MATERIAL PROVIDED -
■ ■ ■

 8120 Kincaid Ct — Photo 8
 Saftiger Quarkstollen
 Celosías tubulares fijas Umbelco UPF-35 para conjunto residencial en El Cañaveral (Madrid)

■ ■ ■

WHAT THE EXERCISE ASKS -
Extract all the material, leaving every line as it is.

WORKED SOLUTION -
 8120 Kincaid Ct — Photo 8
 Saftiger Quarkstollen
 Celosías tubulares fijas Umbelco UPF-35 para conjunto residencial en El Cañaveral (Madrid)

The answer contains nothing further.